> [DIRECTIONS FOR THIS TASK] Within the records below is a range that opens at the line with "انتخابات میان دوره" and closes at the line with "昔助けた最弱スライムが最強スライムになって俺に懐く件". Return that range word for word, both ends included, and only that range.

(Stored items from a collection)

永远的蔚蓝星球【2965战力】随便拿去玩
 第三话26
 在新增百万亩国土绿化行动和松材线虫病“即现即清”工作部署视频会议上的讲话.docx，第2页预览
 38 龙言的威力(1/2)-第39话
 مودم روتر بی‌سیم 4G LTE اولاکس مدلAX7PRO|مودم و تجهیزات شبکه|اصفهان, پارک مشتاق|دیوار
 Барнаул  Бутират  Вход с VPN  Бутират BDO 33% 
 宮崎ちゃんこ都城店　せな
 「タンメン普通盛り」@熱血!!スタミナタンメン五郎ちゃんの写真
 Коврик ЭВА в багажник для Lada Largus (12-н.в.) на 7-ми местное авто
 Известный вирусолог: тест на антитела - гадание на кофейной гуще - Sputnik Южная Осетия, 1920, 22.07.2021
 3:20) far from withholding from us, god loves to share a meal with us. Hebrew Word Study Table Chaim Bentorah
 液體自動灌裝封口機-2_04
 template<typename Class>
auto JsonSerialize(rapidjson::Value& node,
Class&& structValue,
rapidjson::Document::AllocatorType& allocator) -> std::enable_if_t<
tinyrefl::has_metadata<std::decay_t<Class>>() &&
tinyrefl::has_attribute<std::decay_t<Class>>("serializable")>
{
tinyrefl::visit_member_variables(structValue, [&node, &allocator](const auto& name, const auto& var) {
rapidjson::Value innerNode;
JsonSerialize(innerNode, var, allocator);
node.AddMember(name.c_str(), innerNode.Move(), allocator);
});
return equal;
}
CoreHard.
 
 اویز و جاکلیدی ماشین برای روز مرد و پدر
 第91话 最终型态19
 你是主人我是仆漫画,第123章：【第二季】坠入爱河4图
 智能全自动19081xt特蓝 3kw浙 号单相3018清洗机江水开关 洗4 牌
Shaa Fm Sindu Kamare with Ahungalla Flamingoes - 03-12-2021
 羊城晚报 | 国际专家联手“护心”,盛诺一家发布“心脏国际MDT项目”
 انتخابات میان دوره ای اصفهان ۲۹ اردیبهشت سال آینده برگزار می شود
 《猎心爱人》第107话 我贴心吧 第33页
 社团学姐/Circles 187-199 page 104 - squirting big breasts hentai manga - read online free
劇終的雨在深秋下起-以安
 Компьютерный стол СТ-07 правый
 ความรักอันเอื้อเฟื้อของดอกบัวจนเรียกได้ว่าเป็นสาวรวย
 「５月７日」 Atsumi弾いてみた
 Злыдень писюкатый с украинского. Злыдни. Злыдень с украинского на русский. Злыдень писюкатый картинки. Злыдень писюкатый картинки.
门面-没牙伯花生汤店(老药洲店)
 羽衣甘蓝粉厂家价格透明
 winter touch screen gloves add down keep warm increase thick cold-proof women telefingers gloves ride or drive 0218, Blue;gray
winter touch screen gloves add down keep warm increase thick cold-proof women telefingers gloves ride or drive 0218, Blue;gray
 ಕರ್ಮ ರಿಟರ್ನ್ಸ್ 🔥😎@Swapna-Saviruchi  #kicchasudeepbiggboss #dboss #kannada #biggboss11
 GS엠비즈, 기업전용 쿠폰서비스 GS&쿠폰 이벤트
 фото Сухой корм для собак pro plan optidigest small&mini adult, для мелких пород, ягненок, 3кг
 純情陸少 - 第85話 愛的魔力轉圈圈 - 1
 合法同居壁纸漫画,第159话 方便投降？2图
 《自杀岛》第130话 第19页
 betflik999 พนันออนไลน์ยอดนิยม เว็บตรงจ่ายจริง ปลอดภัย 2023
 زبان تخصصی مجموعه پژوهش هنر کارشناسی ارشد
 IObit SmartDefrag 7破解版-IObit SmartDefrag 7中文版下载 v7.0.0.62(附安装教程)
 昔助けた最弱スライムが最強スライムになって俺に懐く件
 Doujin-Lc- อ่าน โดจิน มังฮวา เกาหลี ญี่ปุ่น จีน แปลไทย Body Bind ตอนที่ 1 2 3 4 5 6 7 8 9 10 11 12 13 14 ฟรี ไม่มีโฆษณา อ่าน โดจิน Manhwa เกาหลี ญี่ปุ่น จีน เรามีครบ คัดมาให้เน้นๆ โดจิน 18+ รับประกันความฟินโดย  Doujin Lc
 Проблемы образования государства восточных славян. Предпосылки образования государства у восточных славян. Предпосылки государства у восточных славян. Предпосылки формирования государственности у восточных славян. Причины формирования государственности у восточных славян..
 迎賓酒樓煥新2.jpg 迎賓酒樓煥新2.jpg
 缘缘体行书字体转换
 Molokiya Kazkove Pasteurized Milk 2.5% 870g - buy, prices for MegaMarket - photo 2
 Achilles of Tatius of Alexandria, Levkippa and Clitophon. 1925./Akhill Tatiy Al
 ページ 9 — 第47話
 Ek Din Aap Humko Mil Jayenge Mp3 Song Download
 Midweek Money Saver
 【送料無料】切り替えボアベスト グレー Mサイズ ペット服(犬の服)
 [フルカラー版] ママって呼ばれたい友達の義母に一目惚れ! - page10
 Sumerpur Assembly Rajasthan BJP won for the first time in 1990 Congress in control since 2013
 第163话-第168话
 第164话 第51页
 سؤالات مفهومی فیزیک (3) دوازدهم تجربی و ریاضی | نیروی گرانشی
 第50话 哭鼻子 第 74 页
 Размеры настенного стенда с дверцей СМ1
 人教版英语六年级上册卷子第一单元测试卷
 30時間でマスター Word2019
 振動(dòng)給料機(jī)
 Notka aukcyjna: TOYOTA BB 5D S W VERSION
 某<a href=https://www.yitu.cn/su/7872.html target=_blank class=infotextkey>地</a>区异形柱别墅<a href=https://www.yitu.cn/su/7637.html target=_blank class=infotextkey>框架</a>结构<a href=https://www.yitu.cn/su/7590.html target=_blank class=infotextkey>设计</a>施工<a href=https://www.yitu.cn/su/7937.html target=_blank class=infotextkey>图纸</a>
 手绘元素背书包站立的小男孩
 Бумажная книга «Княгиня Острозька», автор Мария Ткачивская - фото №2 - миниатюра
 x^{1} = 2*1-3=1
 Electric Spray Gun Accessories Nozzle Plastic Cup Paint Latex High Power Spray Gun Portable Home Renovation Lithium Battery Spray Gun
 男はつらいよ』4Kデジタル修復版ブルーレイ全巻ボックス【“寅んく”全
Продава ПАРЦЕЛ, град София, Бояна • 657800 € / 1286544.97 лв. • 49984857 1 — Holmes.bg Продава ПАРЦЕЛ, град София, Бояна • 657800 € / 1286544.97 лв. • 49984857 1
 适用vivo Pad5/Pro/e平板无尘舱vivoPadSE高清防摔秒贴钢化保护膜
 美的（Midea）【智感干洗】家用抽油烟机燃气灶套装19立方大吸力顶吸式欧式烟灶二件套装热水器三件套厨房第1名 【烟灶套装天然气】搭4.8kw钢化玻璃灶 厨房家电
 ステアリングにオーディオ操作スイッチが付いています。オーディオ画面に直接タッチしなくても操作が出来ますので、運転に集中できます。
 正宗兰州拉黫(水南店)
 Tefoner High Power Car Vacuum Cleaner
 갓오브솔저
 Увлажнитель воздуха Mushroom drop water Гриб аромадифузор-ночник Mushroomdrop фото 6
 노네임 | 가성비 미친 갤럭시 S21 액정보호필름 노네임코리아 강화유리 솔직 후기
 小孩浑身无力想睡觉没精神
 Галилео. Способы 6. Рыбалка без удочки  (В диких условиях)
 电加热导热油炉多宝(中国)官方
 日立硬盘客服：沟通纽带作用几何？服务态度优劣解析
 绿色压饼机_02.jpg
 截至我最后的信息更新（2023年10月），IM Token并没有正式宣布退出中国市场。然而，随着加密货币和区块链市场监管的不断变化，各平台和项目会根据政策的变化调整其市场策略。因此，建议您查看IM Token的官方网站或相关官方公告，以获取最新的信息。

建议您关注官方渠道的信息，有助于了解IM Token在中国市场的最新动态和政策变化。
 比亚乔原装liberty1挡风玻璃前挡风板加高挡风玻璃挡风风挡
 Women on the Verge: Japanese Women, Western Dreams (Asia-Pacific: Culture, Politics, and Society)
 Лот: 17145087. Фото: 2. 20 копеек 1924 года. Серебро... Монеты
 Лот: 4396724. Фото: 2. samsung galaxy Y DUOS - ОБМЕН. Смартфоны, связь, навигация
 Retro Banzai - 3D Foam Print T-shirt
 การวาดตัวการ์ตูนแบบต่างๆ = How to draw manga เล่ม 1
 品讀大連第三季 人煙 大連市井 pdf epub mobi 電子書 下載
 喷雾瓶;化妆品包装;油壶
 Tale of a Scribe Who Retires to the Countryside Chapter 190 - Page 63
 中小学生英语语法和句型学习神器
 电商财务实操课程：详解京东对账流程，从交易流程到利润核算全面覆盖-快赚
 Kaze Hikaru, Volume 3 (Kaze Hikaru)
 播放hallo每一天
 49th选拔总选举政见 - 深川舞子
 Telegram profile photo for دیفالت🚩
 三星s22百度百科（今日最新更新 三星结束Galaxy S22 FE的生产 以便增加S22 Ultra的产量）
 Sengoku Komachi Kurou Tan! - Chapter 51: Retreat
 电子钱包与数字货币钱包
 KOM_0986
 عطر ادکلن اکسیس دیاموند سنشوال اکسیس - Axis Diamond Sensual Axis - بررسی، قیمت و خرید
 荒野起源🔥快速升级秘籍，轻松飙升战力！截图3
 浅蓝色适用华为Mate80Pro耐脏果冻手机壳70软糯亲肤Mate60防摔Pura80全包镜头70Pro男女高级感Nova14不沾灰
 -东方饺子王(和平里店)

> [EXERCISE ANSWER]
 انتخابات میان دوره ای اصفهان ۲۹ اردیبهشت سال آینده برگزار می شود
 《猎心爱人》第107话 我贴心吧 第33页
 社团学姐/Circles 187-199 page 104 - squirting big breasts hentai manga - read online free
劇終的雨在深秋下起-以安
 Компьютерный стол СТ-07 правый
 ความรักอันเอื้อเฟื้อของดอกบัวจนเรียกได้ว่าเป็นสาวรวย
 「５月７日」 Atsumi弾いてみた
 Злыдень писюкатый с украинского. Злыдни. Злыдень с украинского на русский. Злыдень писюкатый картинки. Злыдень писюкатый картинки.
门面-没牙伯花生汤店(老药洲店)
 羽衣甘蓝粉厂家价格透明
 winter touch screen gloves add down keep warm increase thick cold-proof women telefingers gloves ride or drive 0218, Blue;gray
winter touch screen gloves add down keep warm increase thick cold-proof women telefingers gloves ride or drive 0218, Blue;gray
 ಕರ್ಮ ರಿಟರ್ನ್ಸ್ 🔥😎@Swapna-Saviruchi  #kicchasudeepbiggboss #dboss #kannada #biggboss11
 GS엠비즈, 기업전용 쿠폰서비스 GS&쿠폰 이벤트
 фото Сухой корм для собак pro plan optidigest small&mini adult, для мелких пород, ягненок, 3кг
 純情陸少 - 第85話 愛的魔力轉圈圈 - 1
 合法同居壁纸漫画,第159话 方便投降？2图
 《自杀岛》第130话 第19页
 betflik999 พนันออนไลน์ยอดนิยม เว็บตรงจ่ายจริง ปลอดภัย 2023
 زبان تخصصی مجموعه پژوهش هنر کارشناسی ارشد
 IObit SmartDefrag 7破解版-IObit SmartDefrag 7中文版下载 v7.0.0.62(附安装教程)
 昔助けた最弱スライムが最強スライムになって俺に懐く件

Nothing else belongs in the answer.